Bukankah dengan alasan BW dan AS, mereka telah melanggar UU KPK Pasal 5 tersebut di atas. Keterbukaan. Bagaimana bisa terbuka, jika apa yang disampaikan, ini rahasia. Walaupun mungkin BW dan AS memiliki Alasan tertentu, sebagai masyarakat Awan, saya kok menjadi heran dan Aneh.

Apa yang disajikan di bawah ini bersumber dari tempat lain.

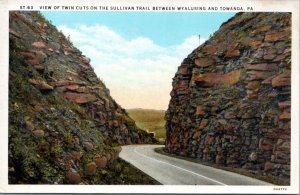 Postcard PA Twin Cuts Sullivan Trail between Wyalusing and Towanda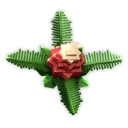 Pollen Cone image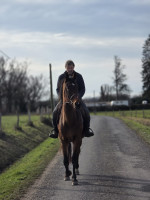 Vente de cheval : LUDIVINE PARIS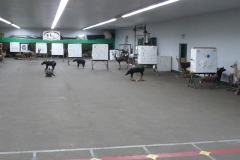 c200c8_839d845419524aba8fb36512998edcc9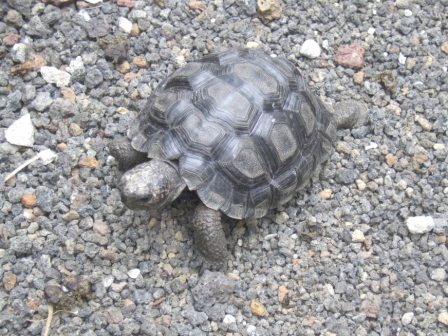 Riesenschildkroete mit ~6Monaten...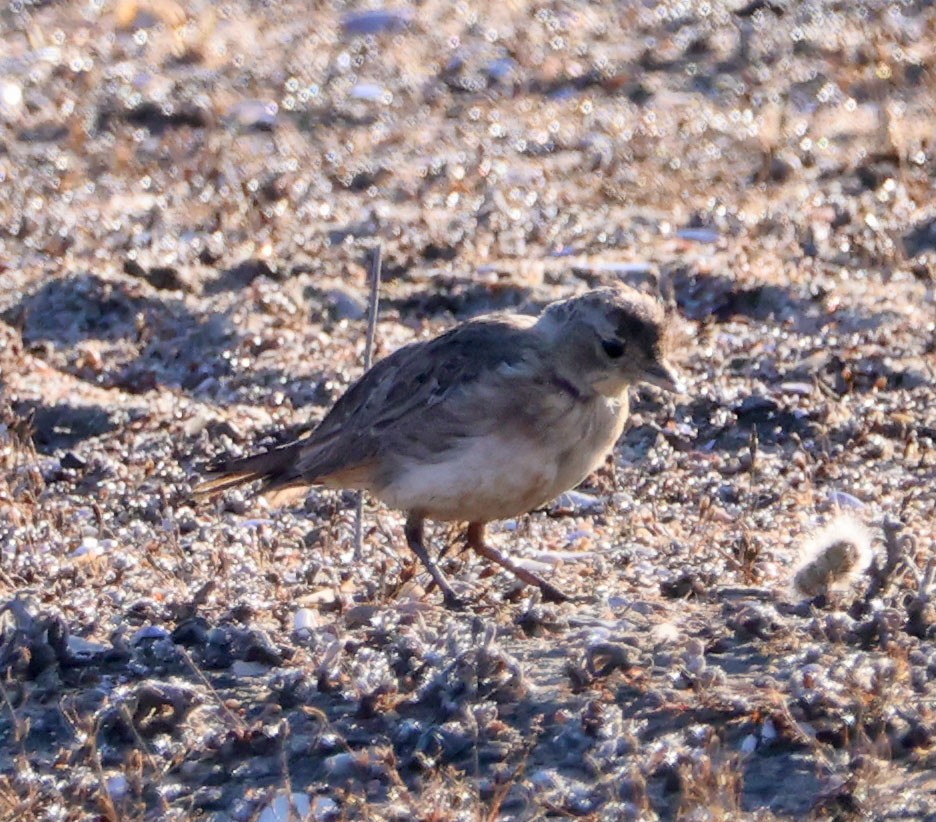 Horned Lark - ML622021007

Kasus Cicak dan Buaya Jilid III, dimana KPK mentersangkakan Budi Gunawan (CaKapolri) dan Polri mentersangkakan Bambang Widjoyanto (Wakil Ketua KPK), telah menjadi Kasus Politik, bukan hanya Hukum. Padahal menurut Mantan Pimpinan KPK dalam suatu diskusi di ILC TVOne, menyatakan bahwa ini bukan kasus antara Institusi KPK dengan Institusi Polri. Ini adalah Kasus antara Koruptor atau orang yang melawan Hukum dengan Insitusi Penegak Hukum. Dia memandang adalah Kasus antara BG (Pribadi) dengan KPK dan Kasus antara BW dengan Polri.